Both the sharing economy and serviced apartments grew in part out of that last collapse.
People didn’t want to be ripped off any more. They broke out of the hypnosis, the habit, of only buying package holidays, only thinking of staying at hotels when they went anywhere, and they started exploring other options that allowed them the freedom of living how they normally would.
For more than a decade our own industry recovered slowly alongside the retailers, the banks, the developers. We haven’t quite hit that same level of excess in the financial world – although I do have friends worrying about their own children, in their late teens and into their twenties, who are being offered loans and credit cards out of step with their incomes, so let’s hope this isn’t going to go the same way.
But I do feel an element of unease about our industry losing touch with the people, with the more organic growth that comes from being open with the consumer and allowing him or her to make the choices, rather than being pressured into something different.
We all love to travel, and the emerging markets, the Indias and the Chinas, are having a huge influence on the way the world operates. We know, now, that the easy availability of flights and the rock-bottom prices have contributed to the climate emergency, and as the world opens up to billions of new middle classes, this can only get worse. Meanwhile over-tourism is a serious threat to some of the most beautiful parts of the world, some of the oldest cities that were never designed to accommodate 18-deck cruise ships with almost 9,000 on board.

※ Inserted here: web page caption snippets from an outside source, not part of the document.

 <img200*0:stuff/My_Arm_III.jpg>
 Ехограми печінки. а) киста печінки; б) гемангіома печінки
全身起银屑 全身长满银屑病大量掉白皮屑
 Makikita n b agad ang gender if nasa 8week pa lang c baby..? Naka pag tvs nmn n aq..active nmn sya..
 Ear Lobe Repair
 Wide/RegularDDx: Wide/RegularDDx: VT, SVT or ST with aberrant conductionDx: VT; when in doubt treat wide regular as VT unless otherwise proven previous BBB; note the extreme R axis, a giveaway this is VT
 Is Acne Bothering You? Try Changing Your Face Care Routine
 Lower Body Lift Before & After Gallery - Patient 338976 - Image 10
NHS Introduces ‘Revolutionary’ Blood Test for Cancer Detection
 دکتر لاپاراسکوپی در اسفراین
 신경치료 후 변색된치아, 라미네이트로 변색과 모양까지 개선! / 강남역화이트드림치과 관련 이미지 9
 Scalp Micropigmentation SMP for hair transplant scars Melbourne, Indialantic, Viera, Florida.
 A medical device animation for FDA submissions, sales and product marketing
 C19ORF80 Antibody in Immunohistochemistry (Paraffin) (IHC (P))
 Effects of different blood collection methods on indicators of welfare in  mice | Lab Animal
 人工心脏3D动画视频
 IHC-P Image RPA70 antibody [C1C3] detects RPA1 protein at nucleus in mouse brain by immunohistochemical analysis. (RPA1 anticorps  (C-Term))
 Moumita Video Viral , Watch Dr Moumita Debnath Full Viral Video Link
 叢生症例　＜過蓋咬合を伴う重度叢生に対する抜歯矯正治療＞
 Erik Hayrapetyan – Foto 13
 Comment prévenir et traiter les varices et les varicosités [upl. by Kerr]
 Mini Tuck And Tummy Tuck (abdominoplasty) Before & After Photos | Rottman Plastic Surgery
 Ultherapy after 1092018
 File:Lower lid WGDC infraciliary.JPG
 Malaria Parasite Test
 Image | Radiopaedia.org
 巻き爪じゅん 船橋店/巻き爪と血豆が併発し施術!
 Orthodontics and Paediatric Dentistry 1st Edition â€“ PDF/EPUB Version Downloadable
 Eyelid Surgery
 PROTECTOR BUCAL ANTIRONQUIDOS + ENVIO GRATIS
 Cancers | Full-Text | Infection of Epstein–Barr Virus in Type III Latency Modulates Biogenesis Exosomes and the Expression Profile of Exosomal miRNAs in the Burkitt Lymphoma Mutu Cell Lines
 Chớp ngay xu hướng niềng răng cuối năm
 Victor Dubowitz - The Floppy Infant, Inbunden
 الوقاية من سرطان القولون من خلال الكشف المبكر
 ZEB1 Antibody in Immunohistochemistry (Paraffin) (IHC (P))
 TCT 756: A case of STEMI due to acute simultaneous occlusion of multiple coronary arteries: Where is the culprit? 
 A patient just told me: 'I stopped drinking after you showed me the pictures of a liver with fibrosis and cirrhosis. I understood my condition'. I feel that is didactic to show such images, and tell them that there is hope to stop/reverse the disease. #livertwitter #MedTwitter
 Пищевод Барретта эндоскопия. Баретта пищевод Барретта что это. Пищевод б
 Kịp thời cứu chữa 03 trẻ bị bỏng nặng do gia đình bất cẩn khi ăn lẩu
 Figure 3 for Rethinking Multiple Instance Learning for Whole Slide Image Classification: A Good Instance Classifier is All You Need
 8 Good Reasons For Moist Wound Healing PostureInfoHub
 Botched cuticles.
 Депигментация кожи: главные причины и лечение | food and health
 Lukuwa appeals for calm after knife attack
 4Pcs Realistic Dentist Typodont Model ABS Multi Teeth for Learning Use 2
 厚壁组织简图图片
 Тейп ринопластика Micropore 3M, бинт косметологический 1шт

But it’s the OTAs that are worrying me as much.
The EU has once again come down hard on the Online Travel Agencies, the Booking.coms and Expedias, for their lack of transparency around which really is the best deal rather than which has paid the most to appear higher up the list. The platforms had promised to do that some time ago, along with ending the pressure selling around the number of other people looking at the same listing, and how not hitting ‘book now’ might lead to the price going up.
These practices are dismissive and disrespectful towards the very people on whom their businesses rely. The guests, the travellers themselves. Except that these platforms are now so big, they’ve probably forgotten about the little people and their importance.
And it’s been another week of revelations. The latest Vice report shows sharing economy guests tempted with pictures for accommodation that didn’t exist, being switched to dirty, rundown properties at the last minute, or being hit with excessive repair costs for minor or non-existent damage, and there have been growing examples of jurisdictions globally looking for solutions for the way professional investors in the short-term letting sector are diminishing local housing stock. And there have once again been more deaths in so-called party houses – all of these are the very same things the sector was promising to clamp down on.
No wonder, then, that there’s a call for regulation of homestay platforms – they have to be seen to do something to get people back on side. Because while Airbnb gears up for its IPO probably later this year, anything can be replicated and possibly even bettered. Who thought we’d see the end of Bebo, Vine, MySpace, Friends Reunited, ecademy, and myriad other social networking sites that seemed invincible? And who saw TickTock coming? Meanwhile, the consumer is king and can change direction quickly and completely. Whoever thought they’d see a Greggs vegan sausage roll?
One thing none of us in this industry can be is complacent. And another is disrespectful. We seem to be in some kind of excessive boom when it comes to the OTAs, as though they’re not scared of what the consumer might do – they’re alright, Jack.
Now we’d better just hope there’s no bust.